== Exercise ==
When you reproduce these records, keep every word exactly and drop the images.

== Dataset content ==
★ ★ ★

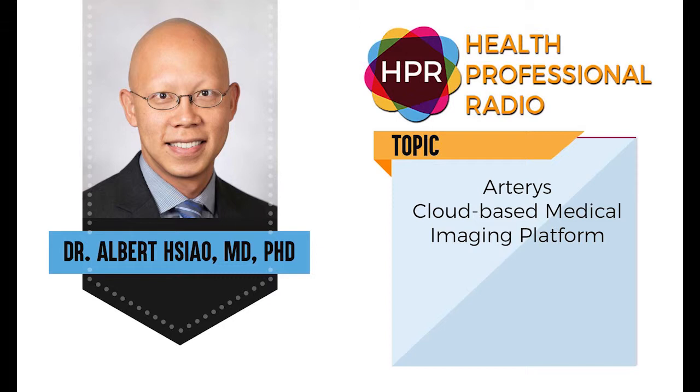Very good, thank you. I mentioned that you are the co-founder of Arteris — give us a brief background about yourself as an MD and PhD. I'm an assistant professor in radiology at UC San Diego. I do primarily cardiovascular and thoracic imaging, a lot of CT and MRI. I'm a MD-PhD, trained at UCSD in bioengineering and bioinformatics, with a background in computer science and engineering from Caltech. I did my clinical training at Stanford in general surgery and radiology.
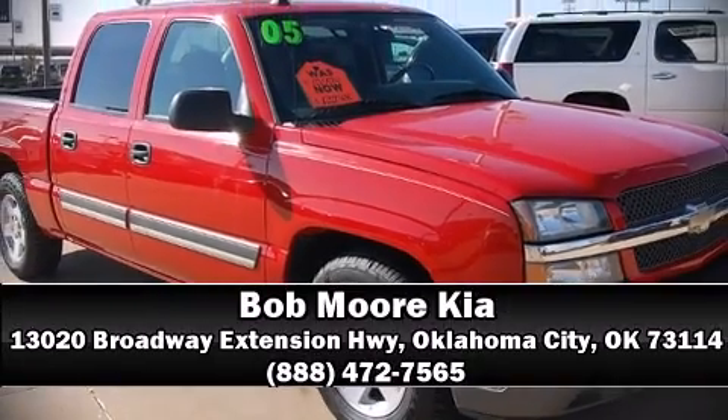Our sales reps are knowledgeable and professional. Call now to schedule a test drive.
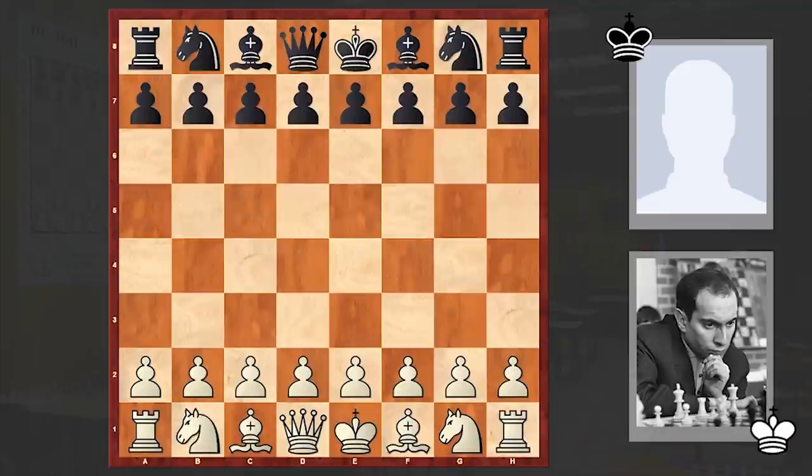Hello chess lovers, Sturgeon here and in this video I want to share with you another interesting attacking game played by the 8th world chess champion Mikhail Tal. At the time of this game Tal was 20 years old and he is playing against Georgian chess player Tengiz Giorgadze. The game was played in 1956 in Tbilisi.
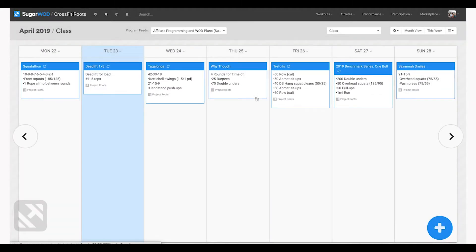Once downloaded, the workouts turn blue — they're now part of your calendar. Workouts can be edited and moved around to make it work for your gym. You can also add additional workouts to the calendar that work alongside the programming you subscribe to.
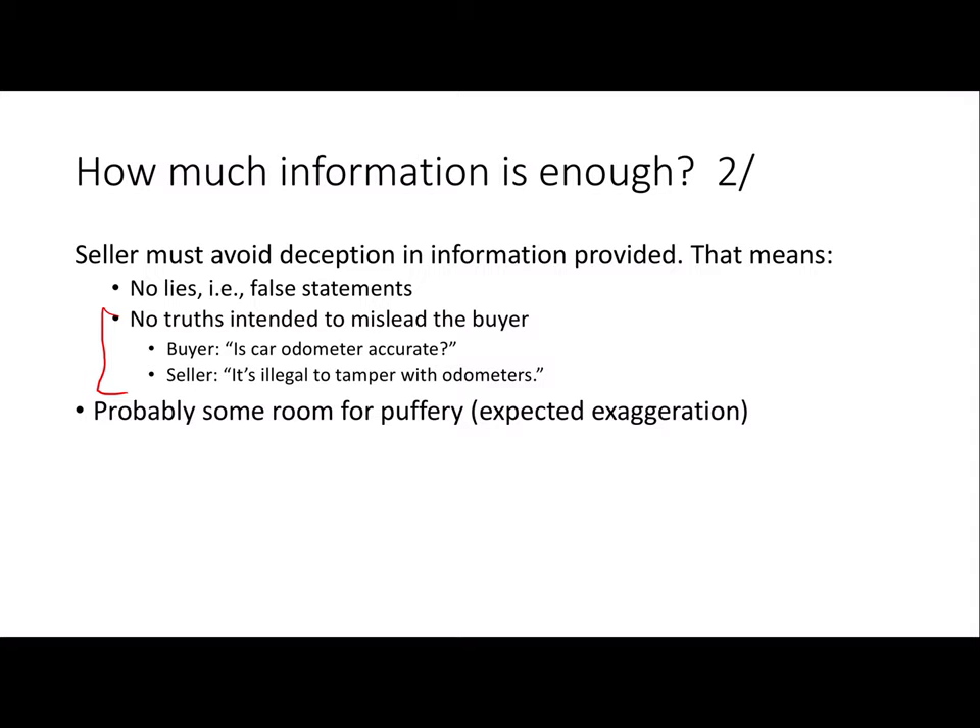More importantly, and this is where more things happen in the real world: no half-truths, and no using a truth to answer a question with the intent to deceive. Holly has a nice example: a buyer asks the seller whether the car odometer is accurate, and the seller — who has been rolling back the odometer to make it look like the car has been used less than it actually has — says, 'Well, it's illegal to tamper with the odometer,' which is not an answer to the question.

★ ★ ★

== Your solution ==
Very good, thank you. I mentioned that you are the co-founder of Arteris — give us a brief background about yourself as an MD and PhD. I'm an assistant professor in radiology at UC San Diego. I do primarily cardiovascular and thoracic imaging, a lot of CT and MRI. I'm a MD-PhD, trained at UCSD in bioengineering and bioinformatics, with a background in computer science and engineering from Caltech. I did my clinical training at Stanford in general surgery and radiology.
Our sales reps are knowledgeable and professional. Call now to schedule a test drive.
Hello chess lovers, Sturgeon here and in this video I want to share with you another interesting attacking game played by the 8th world chess champion Mikhail Tal. At the time of this game Tal was 20 years old and he is playing against Georgian chess player Tengiz Giorgadze. The game was played in 1956 in Tbilisi.
Once downloaded, the workouts turn blue — they're now part of your calendar. Workouts can be edited and moved around to make it work for your gym. You can also add additional workouts to the calendar that work alongside the programming you subscribe to.
More importantly, and this is where more things happen in the real world: no half-truths, and no using a truth to answer a question with the intent to deceive. Holly has a nice example: a buyer asks the seller whether the car odometer is accurate, and the seller — who has been rolling back the odometer to make it look like the car has been used less than it actually has — says, 'Well, it's illegal to tamper with the odometer,' which is not an answer to the question.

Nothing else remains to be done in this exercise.